Paths and file names are configured directly in the scripts right now. Of course it makes sense to move the configuration to command line parameters. But, well, I didn't yet.

Getting a dump

First, you need a Wikipedia article dump. You can get them in whatever language Wikipedia offers: http://dumps.wikimedia.org/backup-index.html. Pick a language, and download a full article dump like enwiki-20121201-pages-articles.xml (of course, with a newer date). You will need the XML file, so feel free to un-bzip it first. What you get is, well, a huge dump file.

Chunking the dump

The dump file is huge, so you want to chunk it in order to parallelise processing later. And generally: devide and conquer, you know.

Chunking is done in one step and without parallelisation. bin/chunk.sh is what you need. Configure the chunk size, paths and other parameters in the lib/wpcorpus/chunk.py if you like. What you will get is a bunch of files that are valid Wikipedia XML files including parts of the whole dump.

Processing

Processing is basically preparing N text files and indexing them. Both in combination build the later corpus. Text files are just extracts where all XML and unnecessary Wiki markup is stripped. The current solution works with 4 such files. The number 4 maps directly to the number of parallel workers doing the job and has no further meaning. You can configure it for more cores you want to use in bin/process.sh. I wouldn't recommend using a number higher than available cores, but it's up to you.

The other part processing does is indexing. Index is built using PyTables, so you need to install it first. Also, during the processing, a RabbitMQ queue is used for communication between the processing script and the indexer. So, you need RabbitMQ and pika.

You will also need some further Python libs: lxml and SimpleConfigParser. When you have all components installed and configured, run bin/index.sh first and bin/process.sh next. They work as a pair. Yes, indeed, I could have implemented a top script that takes care of firing up both and shuttding it down properly.

Usage

In order to use the result, you need to go with NLTK and nltk-trainer. If you don't know anything about any of these, well, you're probably wrong here. Or you will have to port this wpcorpus to whatever you use for NLP. I go with NLTK and the trainer.

First of all, create a symbolic link (yes, Windows user, a symbolic link) to the corpus folder (where you'll find subfolders with chunks and index after you went through the steps above). Call it wpcorpus or change its name in bin/train.sh.

From here, it's easy. In the bin/train.sh you will find a simple example how to pickle a classifier with nltk-trainer. It tries to distinguish political texts from trolling (see notes below on how reliable this would be). In the bin/train.sh, you see the class name to go with, a | separated list of Wikipedia categories to use for this class, where all articles of these categories will contribute text to this class training, followed by a similar list of anti-categories that will contribute to the counterpart. The anti-categories all together contribute to the class called irr.

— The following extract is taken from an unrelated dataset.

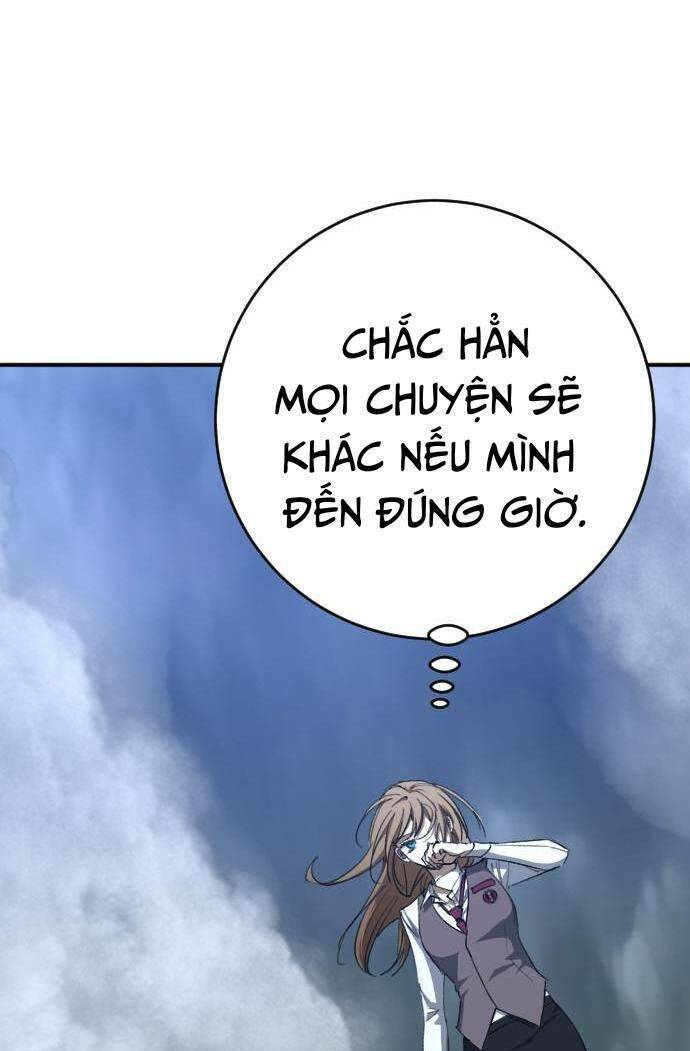 Đêm Của Bóng Tối Chương 46 Ảnh 12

Look up in the nltk-trainer and the NLTK documentation how to use the created pickle for classification. From here, all the work (and it's a lot of work) will go into finding right categories and playing with anti-categiries, accuracy and such. But this is also a fun part. To play with categories, you either can go with the Wikipedia web page, or just extract categories from the index file using PyTables. Or just search in the index directly.

Weird parts

By the time of writing, libxml has exposed a pretty weird memory leak, so I frequently restart workers using some weird synchronization through temp files. I went with Celery first, and it worked great, until libxml has helped Linux kernel's OOM killer to kick my workers.

One possible question can also be: why not use Hadoop for that? Well, the answer is: why use Hadoop for that? It's just a tiny bunch of scripts and can run in an hour or two on a modern notebook without any file system abstractions. Or without any abstractions, to be honest. Think yourself the rest.

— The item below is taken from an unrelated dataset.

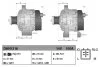 DENSO DAN1318 (фото 3)
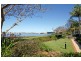 57C Newstead Terrace, Newstead QLD 4006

Another incompleteness is that right now only word based NLTK training is possible. I didn't yet implement sentenses and paragraphs, but this would be easy to do.

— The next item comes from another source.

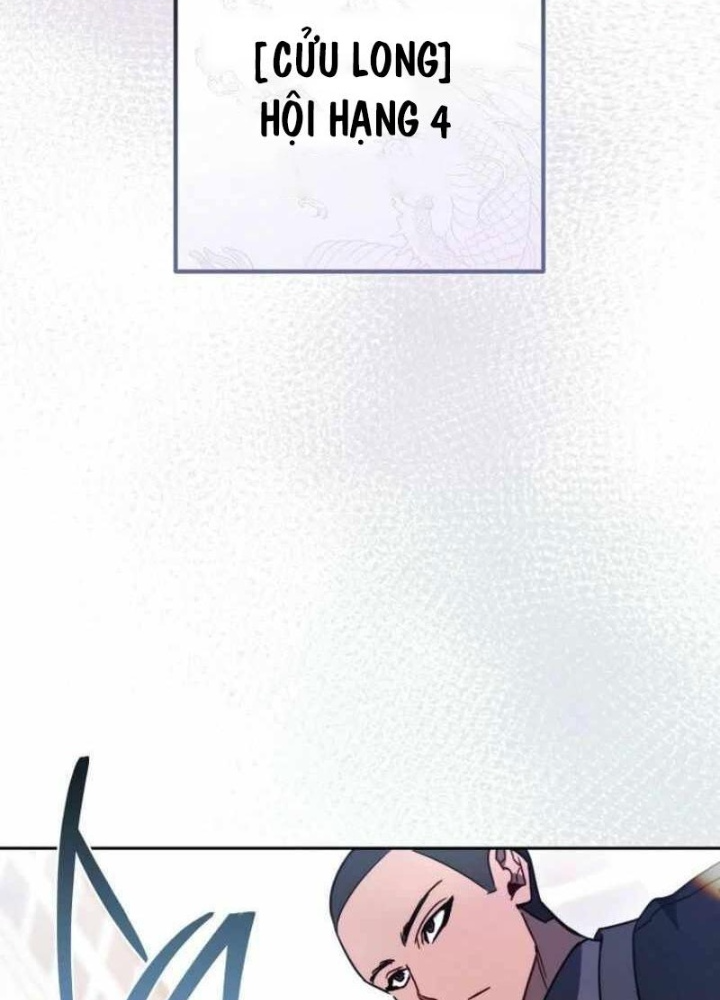 Top Ranker Chapter 26 - Next Chapter 27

Speaking of Wikipedia's category chaos: in order to train your classifiers in a way that is usable, you would end up having long lists of categories and anti-gategories. The better you can separate them, the better the accuracy. And still, it's text, so trying to reliably distinguish a political text from the one on economics using wpcorpus, might lead to misclassification. It will lead to misclassification. On the other hand, using completely unrelated anti-categories the way I use in the example, is also not really helpful. You would only have to go with the accuracy of the political articles on Wikipedia, which is from my experience not absolutely reliable.

One last word about languages: Wikipedia is best in English. German works too, but the size and the quality of articles are questionable sometimes. Check out your language if it comes with enough useful information at all. nltk-trainer might be the next problem - with stopwords etc. But this problems are general in NLP, not just around my tiny contribution.

Possible further research options:

What would be interesting is to use a graph database to build a graph of categories and to use it as index. This way around, classes can be described with one single category as entry point, and all subcategories would recursively contribute articles to it. The problem that I see is that Wikipedia categories are kind of chaotic. I might work on this in the future, but feel free to do this if you like.

I appreciate constructive feedback and of course any sort of contribution.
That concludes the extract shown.